Imagine this: You’re in your first management role, leading a team of data scientists and ML engineers at a high-growth start-up. After months of building and experimenting, your team has finally shipped a new ML-driven product feature. This feature is improving user experiences and engagement. Until one morning, you wake up to a deluge of Slack notifications, support tickets, and frantic e-mails. Then, your team of highly skilled data scientists must spend the next 12 hours reading thousands of news articles before other users notice the impact of the failing NLP fact extraction pipeline. 

I still get chills when recalling these incidents, which happened more frequently than I’d like to admit during my time at Mattermark. So it may not surprise you that the first category I sought to invest in was ML performance management tools upon transitioning into VC. What is more surprising is that I did not make an investment in this category for over 5 years. 
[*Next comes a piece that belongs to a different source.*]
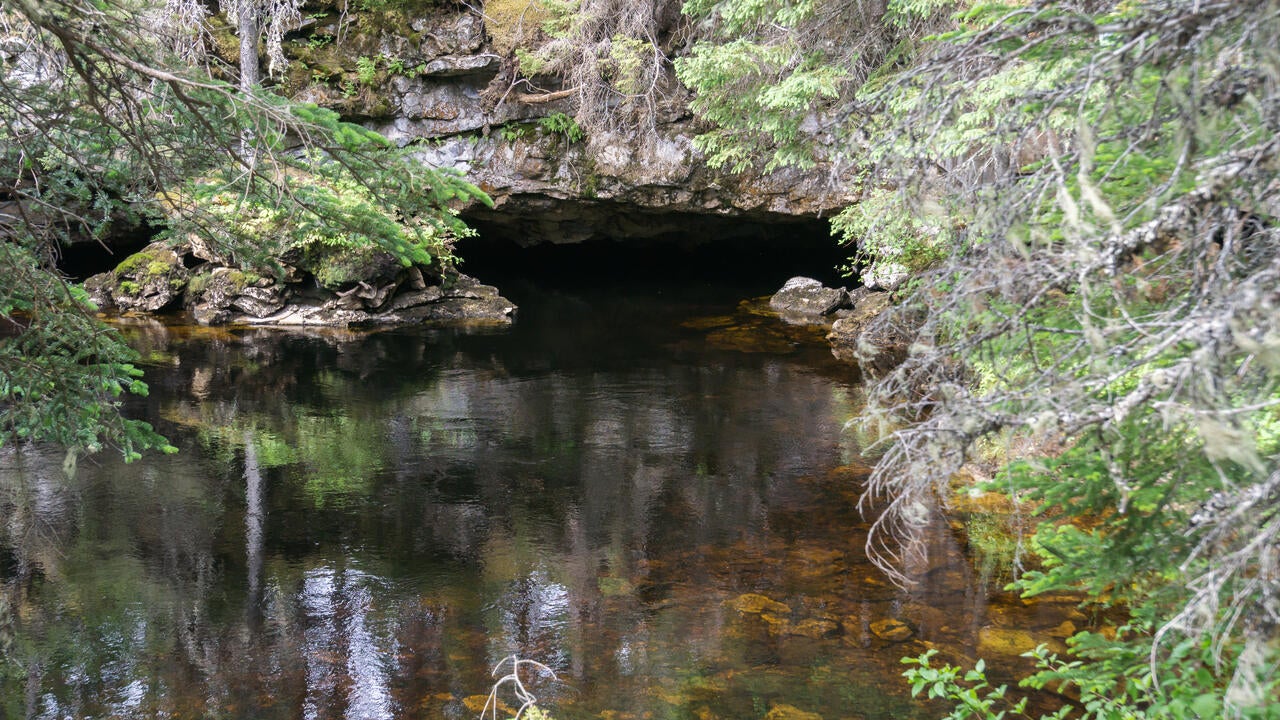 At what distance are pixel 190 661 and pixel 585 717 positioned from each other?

When I first became an investor, I sought to validate that the challenges my team experienced when maintaining our models in production were shared by others. I talked to hundreds of ML practitioners all of whom had similar stories about the fire drills that occurred when they had to fix an issue associated with ML-driven applications – and the costs, in terms of dollars and credibility, that they had to bear as a result of those incidents. Many also shared that their efforts to pursue new projects or iterate on existing ML-driven products were completely handicapped by concerns about the reliability of their ML pipelines. Without tools to build and manage models in complex, dynamic environments and resolve failures and edge cases increased, they couldn’t innovate. 

Although my conviction in the need for tools to operate ML-driven applications intensified; I wasn’t able to find startups building products that aligned with user needs. Most startups were focused on evaluating model performance metrics like precision, recall, and F1 scores – but ML teams cared far more about understanding the impact of model performance on user experience (measured by engagement, retention, etc.). Most startups developed tools to facilitate debugging by evaluating feature importance – but these tools were worthless if you didn’t know when your ML-driven applications were failing their users. 
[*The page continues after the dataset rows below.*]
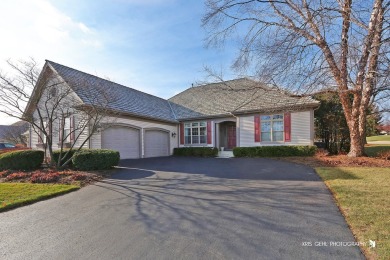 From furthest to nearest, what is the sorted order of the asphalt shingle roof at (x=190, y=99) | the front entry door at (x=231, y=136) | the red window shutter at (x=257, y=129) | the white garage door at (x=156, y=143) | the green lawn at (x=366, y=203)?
the front entry door at (x=231, y=136) < the white garage door at (x=156, y=143) < the red window shutter at (x=257, y=129) < the asphalt shingle roof at (x=190, y=99) < the green lawn at (x=366, y=203)

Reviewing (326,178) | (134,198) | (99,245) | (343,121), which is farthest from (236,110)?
(99,245)

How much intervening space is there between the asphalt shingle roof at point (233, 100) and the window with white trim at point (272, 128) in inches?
33.7

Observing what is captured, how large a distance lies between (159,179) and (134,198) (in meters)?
2.50

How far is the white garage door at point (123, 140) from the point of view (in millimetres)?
13977

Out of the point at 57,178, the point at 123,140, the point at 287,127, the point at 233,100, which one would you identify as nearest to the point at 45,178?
the point at 57,178

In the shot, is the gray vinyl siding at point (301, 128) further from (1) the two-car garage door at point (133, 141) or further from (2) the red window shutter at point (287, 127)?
(1) the two-car garage door at point (133, 141)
I knew what I wanted to invest in – but I just couldn’t find it…until Josh Tobin and Vicki Cheung decided to build Gantry. Josh and Vicki knew exactly what to build. They have stronger empathy for data scientists and ML engineers than almost any other founding team I’ve ever met. This shouldn’t be surprising since Josh founded the Full Stack Deep Learning training program after completing his PhD in ML at Berkeley and working as a research scientist at OpenAI. Vicki has developed tools to support ML teams at companies like DuoLingo and Lyft and designed OpenAI’s deep learning infrastructure as their first engineer. Through their experience in ML research, Josh and Vicki know what’s possible with AI. Through their experience in industry, they know why it’s far more challenging to build an ML-driven application than it is to train a Transformer on a benchmark dataset. They’re committed to narrowing this gap and unlocking a future where companies build better products and make better decisions with continuous learning systems. 

What they see so clearly is that most ML teams are not building models; they’re building applications powered by ML models. For this reason, they need tools to help them detect when the performance of ML-driven applications degrades. What’s more, they recognized that most teams must iterate on their models to maintain or exceed their performance goals. As such, it’s not enough to just highlight when changes in user behavior or the environment negatively impact the performance of ML-driven applications. ML teams need tools that will help them proactively find opportunities to improve their applications. 

With a platform like Gantry, ML teams can finally build great ML products quickly and reliably. They can ship ML-driven applications sooner – knowing that they can rapidly integrate user and other feedback that will drive performance gains. 

Additionally, Josh, Vicki, and the Gantry team know that ML teams often use several other tools including some designed for software engineering and DevOps. As such, they built Gantry to integrate seamlessly into both tech and ML stacks. With Gantry, ML teams need not change their workflows, behavior, or existing architectures. 

Put simply, Gantry is the tool I wish I had and that I hope to share with so many friends and former colleagues – which is why I’m thrilled to announce our seed and Series A investment in the company.